▶ What to work on
Will you write out, word for word, every line from the one with "Joli Appt 45" to the final line of the data below, with the pictures left out?

*** Opening Dataset section ***

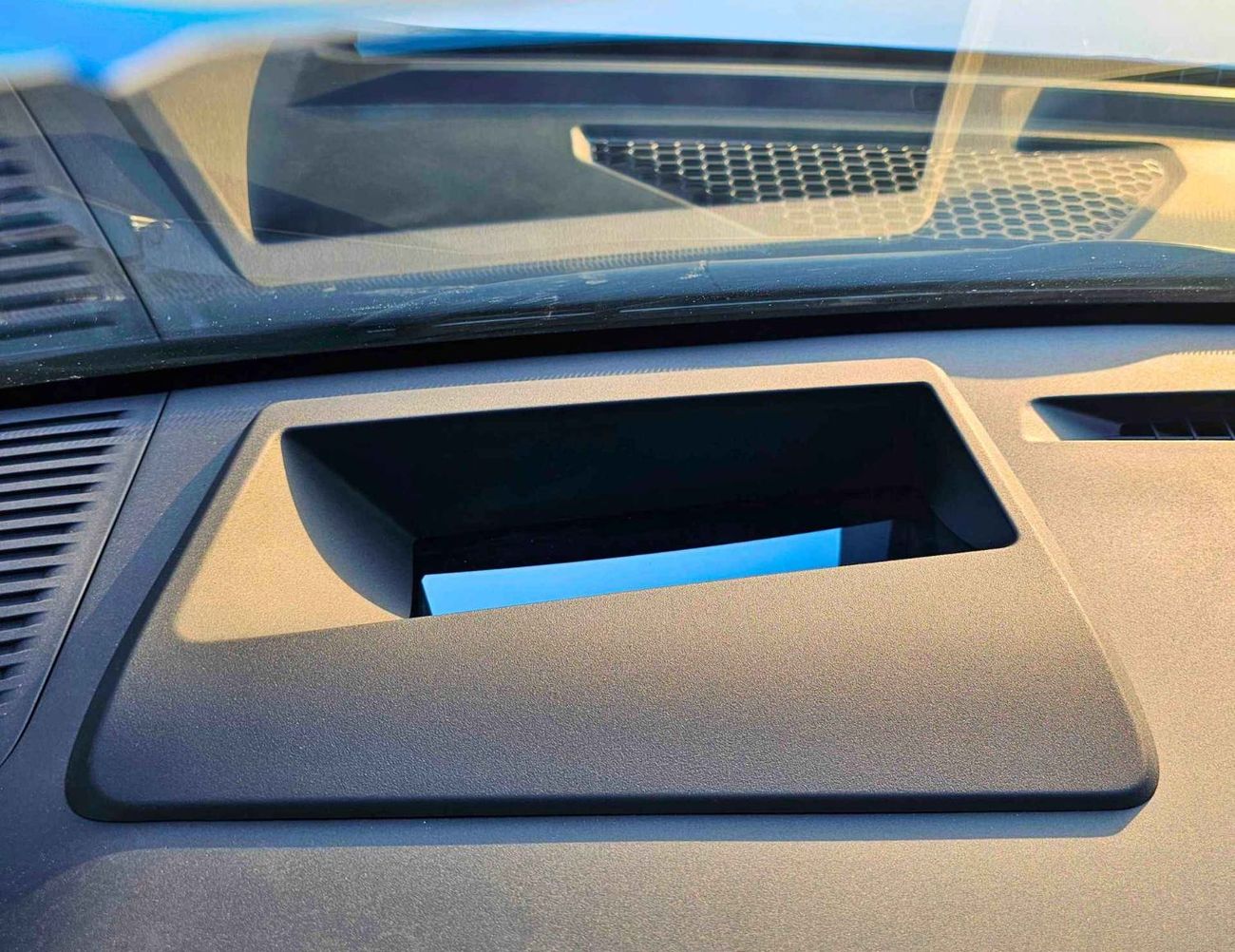 تويوتا برادو TURBO LUXURY / 2.8L DIESEL / RADAR / LEATHER WITH MEMORY SEATS / AVS SIDE MOULDING (CODE # PDLX2)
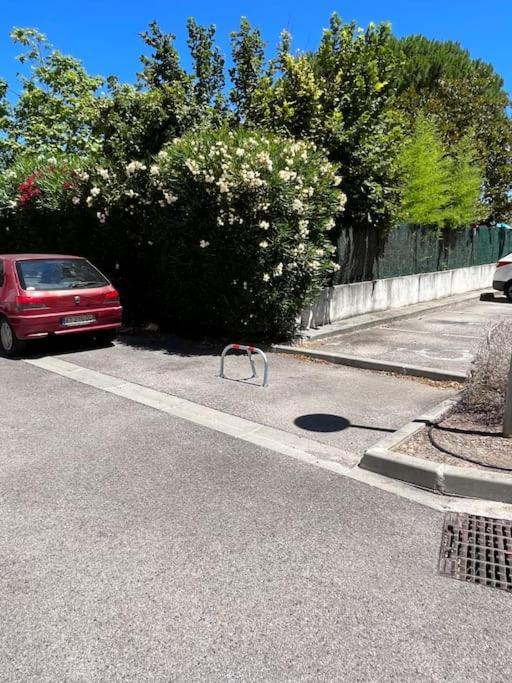 Joli Appt 45 M2 Avec Terrasse Διαμέρισμα Lunel  Εξωτερικό φωτογραφία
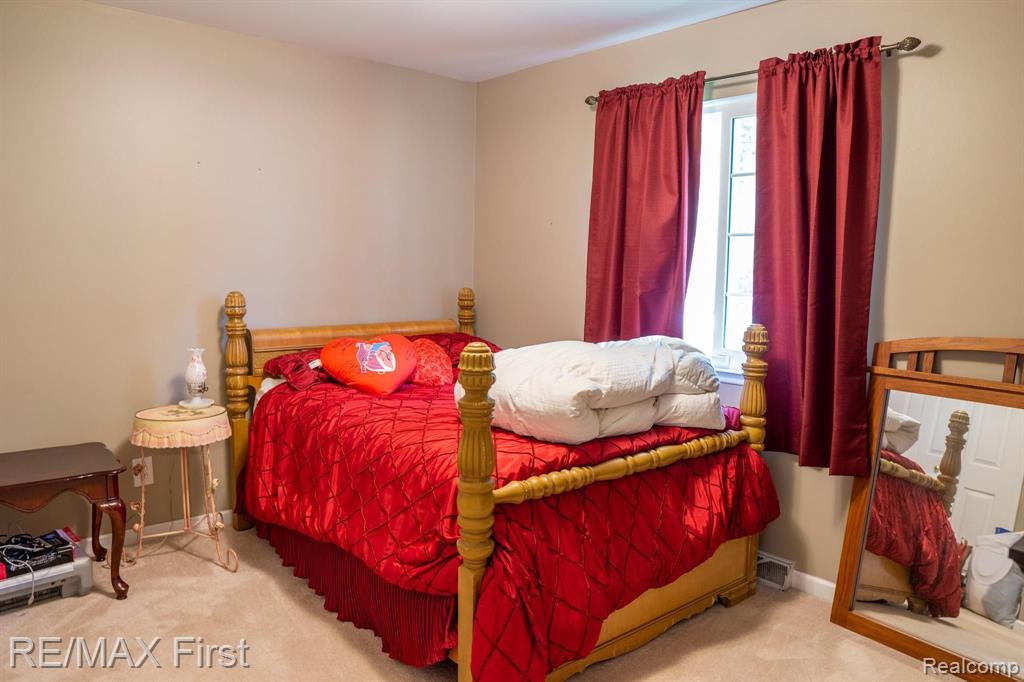 930 Grace Avenue Rochester Hills, MI 48307 - Photo 29 of 35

*** Closing Dataset section ***

▶ Output of the task
 Joli Appt 45 M2 Avec Terrasse Διαμέρισμα Lunel  Εξωτερικό φωτογραφία
 930 Grace Avenue Rochester Hills, MI 48307 - Photo 29 of 35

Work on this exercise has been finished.